OZ Architecture was as experienced at designing for extreme cold as you’d expect one Denver-based firm can be. Which is to say, not at all. But it was that naiveté that won the firm the job of a lifetime. McMurdo Station, the U.S.-owned science research center on Antarctica, the world’s coldest continent, was in need of more efficient architecture, and an architect that could bring order to its current warren of permanent and temporary turned permanent buildings. OZ Architecture brought a fresh perspective.
“This was one of the rare times in my career where we were hired for our lack of experience,” said Rick Petersen, a principal at the firm. “They didn’t want more of the same; they wanted a fresh set of eyes.” Formerly a U.S. Navy base, the 105-building Station is atop 9,000 feet of ice on a rocky foundation and is sited where explorers’ huts once camped. Annual temperatures there fluctuate from approximately 40 degrees to -40 degrees Fahrenheit, so cold that any objects left out in the elements are essentially preserved. At the same time, there is sunlight 24 hours per day in the summer and near darkness in the winter. For building, living, and working, the conditions are extreme in every sense, but, the current station is disjointed, forcing scientists and others at McMurdo to travel by foot or vehicle to often several structures before completing a single task. A redesign has been long-needed.
“The main things that are doing are improving efficiency, logistical and energy (making it more sustainable), and at the same time improving wellness and quality of life, which includes safety,” explained Petersen, whose firm first completed a master plan for the site. “Our main move from a design standpoint is to simplify and consolidate everything into one set of buildings.” This translates to moving the food storage near the kitchen and science equipment to a single location for easier in-field research collection, for example, in a program that encompasses an essentially self-contained society.
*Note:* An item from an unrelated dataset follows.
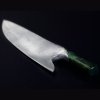 Kuharski nož THE KNIFE JADE DAMASCUS, 26 cm, zelena, Güde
The result is a 300,000-square-foot central hub for housing, dining, recreation, lectures, storage, field equipment, and more. Pushing circulation to the outside lessens heat need in hallways (“You’re moving anyway,” said Petersen), and central areas, like the cafeteria (where the entire population gathers for meals) can take advantage vistas of the spectacular mountains surrounding. In the design, existing lab spaces were integrated, but “creature comforts,” as Ben Roth, manager in facilities engineering projects for the National Science Foundation, calls them, were introduced: a gymnasium, exercise rooms, and a chapel help support relaxation and create a pleasant environment while scientists are off-duty. Here, warm-colored wood finishes were chosen to provide a sense of home.
Multi-use spaces and colocation were important sustainability strategies, but so too were the massing and construction materials of the hub. It can sometimes be too cold to snow on Antarctica, so the buildings need to withstand ice storms and ensure that as few piles as possible will form. OZ Architecture performed wind studies with crushed walnut shells to determine the ideal roof shape. After four months of research, it chose a wall system (the R-72, with four times the insulation of a typical house) clad in aluminum that could be prefabricated into panels and assembled easily on-site. Although only 11 percent of the complex has windows, all will be triple-glazed and strategically placed to take advantage of views where wanted, but will keep heat in, as possible. “The rebuild is very important to us because there are lots of benefits of colocation that we do not enjoy now,” said Roth, who hopes that funding will soon be received to move forward with the design. Overall, “the goal is to support scientists.”